--- SUPPLIED MATERIAL ---

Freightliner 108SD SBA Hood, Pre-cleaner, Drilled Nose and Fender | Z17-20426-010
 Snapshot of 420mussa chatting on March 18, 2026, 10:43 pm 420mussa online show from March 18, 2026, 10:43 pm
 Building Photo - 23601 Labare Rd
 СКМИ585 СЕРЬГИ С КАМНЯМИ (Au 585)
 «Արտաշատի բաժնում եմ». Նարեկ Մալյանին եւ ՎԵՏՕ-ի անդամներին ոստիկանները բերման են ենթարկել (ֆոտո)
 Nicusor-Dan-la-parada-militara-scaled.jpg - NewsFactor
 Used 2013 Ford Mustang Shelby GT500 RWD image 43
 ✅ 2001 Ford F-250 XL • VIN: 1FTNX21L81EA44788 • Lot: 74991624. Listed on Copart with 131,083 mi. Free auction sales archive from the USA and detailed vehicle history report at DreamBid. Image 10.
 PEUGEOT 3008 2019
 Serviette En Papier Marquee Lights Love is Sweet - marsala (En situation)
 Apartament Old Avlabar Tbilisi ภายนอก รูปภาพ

---

• [THE TASK] Repeat each record in full; every line must match exactly.

• [RESULT OF THE TASK]
Freightliner 108SD SBA Hood, Pre-cleaner, Drilled Nose and Fender | Z17-20426-010
 Snapshot of 420mussa chatting on March 18, 2026, 10:43 pm 420mussa online show from March 18, 2026, 10:43 pm
 Building Photo - 23601 Labare Rd
 СКМИ585 СЕРЬГИ С КАМНЯМИ (Au 585)
 «Արտաշատի բաժնում եմ». Նարեկ Մալյանին եւ ՎԵՏՕ-ի անդամներին ոստիկանները բերման են ենթարկել (ֆոտո)
 Nicusor-Dan-la-parada-militara-scaled.jpg - NewsFactor
 Used 2013 Ford Mustang Shelby GT500 RWD image 43
 ✅ 2001 Ford F-250 XL • VIN: 1FTNX21L81EA44788 • Lot: 74991624. Listed on Copart with 131,083 mi. Free auction sales archive from the USA and detailed vehicle history report at DreamBid. Image 10.
 PEUGEOT 3008 2019
 Serviette En Papier Marquee Lights Love is Sweet - marsala (En situation)
 Apartament Old Avlabar Tbilisi ภายนอก รูปภาพ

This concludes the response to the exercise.